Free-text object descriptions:
══════════════════════════════

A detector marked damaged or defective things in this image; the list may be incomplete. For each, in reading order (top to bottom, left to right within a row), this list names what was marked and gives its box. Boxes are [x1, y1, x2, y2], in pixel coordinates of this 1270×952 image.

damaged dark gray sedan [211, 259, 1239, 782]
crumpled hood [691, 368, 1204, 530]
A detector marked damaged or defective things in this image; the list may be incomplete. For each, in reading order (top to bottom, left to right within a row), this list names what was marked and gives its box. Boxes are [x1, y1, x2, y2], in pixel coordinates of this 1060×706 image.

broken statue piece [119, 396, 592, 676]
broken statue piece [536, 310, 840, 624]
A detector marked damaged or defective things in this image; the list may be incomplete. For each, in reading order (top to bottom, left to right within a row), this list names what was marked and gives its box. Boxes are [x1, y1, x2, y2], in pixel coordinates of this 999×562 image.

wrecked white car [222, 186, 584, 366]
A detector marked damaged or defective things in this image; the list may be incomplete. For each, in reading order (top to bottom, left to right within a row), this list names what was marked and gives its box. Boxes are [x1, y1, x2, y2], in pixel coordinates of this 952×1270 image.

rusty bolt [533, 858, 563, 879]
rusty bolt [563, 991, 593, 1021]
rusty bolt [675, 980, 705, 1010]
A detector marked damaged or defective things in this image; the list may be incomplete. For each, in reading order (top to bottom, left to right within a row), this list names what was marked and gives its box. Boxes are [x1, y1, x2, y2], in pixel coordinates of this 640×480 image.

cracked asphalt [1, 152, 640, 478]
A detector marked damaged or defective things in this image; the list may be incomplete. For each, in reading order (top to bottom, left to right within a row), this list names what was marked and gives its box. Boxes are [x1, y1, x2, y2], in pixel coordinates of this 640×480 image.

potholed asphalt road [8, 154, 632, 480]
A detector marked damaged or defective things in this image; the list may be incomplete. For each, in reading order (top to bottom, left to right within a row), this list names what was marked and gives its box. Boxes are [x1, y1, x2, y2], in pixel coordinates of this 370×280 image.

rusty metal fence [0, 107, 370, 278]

══════════════════════════════

▶ WHAT IS BEING ASKED
Copy, without any change, the lines above from the one containing "this 370×280 image." to the end, both ends included. Add nothing else.

▶ ANSWER AREA
A detector marked damaged or defective things in this image; the list may be incomplete. For each, in reading order (top to bottom, left to right within a row), this list names what was marked and gives its box. Boxes are [x1, y1, x2, y2], in pixel coordinates of this 370×280 image.

rusty metal fence [0, 107, 370, 278]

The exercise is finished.